# YOUR GOAL
Scan the lines below for the word "Silver". Copy each line you find it in.

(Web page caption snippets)
========================================================================
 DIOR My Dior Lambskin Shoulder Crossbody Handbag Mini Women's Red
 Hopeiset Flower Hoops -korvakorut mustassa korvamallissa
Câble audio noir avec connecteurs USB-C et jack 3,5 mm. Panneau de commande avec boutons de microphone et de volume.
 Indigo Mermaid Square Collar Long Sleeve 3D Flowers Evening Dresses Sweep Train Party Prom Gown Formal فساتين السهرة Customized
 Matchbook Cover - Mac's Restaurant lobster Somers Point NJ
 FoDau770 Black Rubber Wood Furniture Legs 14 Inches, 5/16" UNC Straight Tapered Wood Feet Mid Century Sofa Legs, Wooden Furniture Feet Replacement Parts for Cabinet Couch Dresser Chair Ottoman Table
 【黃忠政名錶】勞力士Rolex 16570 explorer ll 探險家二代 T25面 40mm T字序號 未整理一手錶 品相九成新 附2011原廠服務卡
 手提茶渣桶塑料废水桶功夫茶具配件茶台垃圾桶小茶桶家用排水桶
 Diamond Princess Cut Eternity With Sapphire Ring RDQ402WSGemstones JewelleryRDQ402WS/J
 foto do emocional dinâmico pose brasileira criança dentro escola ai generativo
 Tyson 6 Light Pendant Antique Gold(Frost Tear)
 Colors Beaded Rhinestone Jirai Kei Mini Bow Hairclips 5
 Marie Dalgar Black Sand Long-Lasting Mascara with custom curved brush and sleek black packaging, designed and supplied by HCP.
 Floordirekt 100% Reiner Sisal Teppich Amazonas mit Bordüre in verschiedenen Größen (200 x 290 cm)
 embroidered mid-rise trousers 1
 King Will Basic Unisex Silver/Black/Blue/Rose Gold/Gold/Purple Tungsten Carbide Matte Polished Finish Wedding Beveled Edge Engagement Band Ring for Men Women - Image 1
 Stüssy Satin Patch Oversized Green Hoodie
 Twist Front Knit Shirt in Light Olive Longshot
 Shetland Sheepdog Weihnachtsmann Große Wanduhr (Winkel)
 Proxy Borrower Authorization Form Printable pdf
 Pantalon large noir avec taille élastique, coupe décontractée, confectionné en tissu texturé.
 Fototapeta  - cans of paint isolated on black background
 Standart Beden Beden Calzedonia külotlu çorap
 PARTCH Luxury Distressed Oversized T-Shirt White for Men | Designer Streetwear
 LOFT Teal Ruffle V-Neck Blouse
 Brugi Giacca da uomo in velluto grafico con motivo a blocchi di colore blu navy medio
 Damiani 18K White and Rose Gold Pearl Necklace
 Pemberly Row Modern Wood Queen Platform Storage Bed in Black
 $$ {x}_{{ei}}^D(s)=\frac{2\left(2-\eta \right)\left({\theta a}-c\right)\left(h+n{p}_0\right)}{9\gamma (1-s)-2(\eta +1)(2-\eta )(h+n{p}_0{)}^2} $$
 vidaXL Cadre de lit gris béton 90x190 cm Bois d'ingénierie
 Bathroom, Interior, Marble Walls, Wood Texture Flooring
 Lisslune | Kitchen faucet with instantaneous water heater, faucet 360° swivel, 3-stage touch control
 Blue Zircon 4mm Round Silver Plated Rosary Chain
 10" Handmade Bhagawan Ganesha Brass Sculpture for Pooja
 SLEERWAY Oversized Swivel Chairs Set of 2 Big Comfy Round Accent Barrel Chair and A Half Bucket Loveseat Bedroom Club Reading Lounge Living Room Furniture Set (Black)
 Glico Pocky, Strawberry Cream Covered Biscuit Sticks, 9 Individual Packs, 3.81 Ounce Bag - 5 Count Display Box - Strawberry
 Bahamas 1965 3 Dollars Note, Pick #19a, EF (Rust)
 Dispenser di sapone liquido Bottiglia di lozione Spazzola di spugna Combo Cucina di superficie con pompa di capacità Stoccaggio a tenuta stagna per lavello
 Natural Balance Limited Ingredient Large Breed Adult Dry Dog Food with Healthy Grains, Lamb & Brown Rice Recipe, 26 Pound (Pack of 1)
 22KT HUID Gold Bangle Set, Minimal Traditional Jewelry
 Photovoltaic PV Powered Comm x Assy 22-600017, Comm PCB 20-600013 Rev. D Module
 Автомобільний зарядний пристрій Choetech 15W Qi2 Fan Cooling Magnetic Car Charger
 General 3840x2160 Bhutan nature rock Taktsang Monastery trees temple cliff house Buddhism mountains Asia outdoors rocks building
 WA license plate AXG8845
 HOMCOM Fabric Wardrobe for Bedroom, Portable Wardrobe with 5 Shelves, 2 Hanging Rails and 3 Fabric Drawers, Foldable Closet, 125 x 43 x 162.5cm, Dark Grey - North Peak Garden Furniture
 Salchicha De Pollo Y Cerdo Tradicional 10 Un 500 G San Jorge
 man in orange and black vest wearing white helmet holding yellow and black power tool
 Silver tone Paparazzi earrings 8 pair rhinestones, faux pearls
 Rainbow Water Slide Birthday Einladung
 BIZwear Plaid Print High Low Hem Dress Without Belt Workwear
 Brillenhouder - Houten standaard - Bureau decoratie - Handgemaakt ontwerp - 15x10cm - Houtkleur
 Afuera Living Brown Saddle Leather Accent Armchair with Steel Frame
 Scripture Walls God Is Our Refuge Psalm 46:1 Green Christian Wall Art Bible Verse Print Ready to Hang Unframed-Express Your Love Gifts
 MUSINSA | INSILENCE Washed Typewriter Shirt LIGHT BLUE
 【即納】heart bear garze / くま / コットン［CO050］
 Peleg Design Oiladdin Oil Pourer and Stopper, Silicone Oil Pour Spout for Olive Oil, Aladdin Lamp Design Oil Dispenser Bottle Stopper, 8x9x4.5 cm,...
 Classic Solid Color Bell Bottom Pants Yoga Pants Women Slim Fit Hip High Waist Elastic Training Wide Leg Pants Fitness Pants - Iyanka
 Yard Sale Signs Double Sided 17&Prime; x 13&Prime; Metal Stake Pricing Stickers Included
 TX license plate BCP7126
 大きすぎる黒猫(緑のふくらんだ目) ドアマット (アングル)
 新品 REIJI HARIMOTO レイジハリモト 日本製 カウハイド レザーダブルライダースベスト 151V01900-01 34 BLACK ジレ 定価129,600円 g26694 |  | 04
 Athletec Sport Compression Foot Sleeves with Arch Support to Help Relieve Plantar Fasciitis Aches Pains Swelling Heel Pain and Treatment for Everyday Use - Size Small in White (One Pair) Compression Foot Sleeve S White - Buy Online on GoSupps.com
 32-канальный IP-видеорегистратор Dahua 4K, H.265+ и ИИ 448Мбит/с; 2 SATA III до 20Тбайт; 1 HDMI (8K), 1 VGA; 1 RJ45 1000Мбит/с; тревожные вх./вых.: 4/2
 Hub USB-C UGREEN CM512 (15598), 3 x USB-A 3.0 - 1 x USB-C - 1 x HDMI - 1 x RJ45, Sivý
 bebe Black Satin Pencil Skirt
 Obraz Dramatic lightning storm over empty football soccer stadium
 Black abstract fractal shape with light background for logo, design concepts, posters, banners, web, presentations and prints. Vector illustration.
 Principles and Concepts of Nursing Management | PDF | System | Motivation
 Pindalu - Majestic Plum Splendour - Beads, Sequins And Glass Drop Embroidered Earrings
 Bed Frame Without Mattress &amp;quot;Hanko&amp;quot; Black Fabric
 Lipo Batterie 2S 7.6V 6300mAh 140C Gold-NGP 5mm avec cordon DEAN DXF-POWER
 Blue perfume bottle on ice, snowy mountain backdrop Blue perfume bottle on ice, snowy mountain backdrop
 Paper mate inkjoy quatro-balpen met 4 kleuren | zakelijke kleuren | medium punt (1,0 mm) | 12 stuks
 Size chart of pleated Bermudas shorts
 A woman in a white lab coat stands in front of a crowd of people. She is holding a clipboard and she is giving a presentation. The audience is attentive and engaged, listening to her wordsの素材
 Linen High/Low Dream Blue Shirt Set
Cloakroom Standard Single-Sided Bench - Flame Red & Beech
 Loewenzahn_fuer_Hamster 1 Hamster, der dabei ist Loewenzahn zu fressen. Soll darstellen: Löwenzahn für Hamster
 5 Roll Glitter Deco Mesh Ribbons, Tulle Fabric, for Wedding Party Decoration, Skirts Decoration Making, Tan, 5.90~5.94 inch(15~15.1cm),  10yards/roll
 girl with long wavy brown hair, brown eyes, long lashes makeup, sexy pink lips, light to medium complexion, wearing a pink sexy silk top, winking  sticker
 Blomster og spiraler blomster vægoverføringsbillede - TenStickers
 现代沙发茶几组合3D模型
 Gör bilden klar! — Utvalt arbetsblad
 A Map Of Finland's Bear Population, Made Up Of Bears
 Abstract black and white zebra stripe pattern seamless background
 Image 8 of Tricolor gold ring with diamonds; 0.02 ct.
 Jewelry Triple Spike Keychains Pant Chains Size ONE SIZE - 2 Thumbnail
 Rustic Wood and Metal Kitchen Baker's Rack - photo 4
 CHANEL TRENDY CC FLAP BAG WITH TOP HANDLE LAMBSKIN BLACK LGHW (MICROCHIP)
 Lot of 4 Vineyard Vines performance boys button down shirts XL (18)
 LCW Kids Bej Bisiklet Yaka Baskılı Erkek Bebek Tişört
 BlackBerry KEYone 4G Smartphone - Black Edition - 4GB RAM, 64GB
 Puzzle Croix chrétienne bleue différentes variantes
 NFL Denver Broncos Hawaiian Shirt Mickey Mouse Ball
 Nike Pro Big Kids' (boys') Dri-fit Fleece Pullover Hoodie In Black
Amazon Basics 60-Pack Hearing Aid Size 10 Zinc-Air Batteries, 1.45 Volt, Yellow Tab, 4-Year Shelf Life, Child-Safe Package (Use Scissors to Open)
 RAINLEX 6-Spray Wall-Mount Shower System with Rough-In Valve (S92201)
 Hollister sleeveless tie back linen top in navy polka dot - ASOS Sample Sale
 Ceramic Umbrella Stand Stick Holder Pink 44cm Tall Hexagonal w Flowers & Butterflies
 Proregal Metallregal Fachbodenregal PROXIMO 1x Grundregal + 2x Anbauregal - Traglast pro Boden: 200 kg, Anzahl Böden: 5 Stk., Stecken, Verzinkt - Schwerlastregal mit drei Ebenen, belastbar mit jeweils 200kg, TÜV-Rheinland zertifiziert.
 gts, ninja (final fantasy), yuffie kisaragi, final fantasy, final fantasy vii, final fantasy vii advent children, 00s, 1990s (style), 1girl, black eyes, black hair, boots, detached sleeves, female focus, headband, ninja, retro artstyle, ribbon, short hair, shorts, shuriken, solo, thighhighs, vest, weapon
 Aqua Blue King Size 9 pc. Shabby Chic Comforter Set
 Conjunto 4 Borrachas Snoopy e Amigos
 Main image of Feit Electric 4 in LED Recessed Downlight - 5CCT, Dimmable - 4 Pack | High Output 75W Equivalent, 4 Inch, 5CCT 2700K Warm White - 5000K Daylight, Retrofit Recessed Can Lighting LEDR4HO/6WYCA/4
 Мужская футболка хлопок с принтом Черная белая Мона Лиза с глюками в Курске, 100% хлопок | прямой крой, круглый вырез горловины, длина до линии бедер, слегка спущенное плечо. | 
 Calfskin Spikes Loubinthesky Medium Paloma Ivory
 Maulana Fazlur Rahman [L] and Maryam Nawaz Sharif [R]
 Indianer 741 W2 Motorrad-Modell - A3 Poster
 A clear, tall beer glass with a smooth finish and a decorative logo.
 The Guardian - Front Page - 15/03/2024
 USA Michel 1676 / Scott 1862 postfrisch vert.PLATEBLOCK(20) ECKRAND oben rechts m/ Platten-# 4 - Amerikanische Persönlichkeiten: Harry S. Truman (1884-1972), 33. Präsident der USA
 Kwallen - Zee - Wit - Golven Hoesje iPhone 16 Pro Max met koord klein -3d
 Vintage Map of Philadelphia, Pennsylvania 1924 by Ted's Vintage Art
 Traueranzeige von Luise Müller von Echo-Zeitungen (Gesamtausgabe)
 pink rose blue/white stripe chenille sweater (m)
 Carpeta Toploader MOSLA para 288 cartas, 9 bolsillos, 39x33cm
========================================================================
# RESULT OF THE TASK
 King Will Basic Unisex Silver/Black/Blue/Rose Gold/Gold/Purple Tungsten Carbide Matte Polished Finish Wedding Beveled Edge Engagement Band Ring for Men Women - Image 1
 Blue Zircon 4mm Round Silver Plated Rosary Chain
 Silver tone Paparazzi earrings 8 pair rhinestones, faux pearls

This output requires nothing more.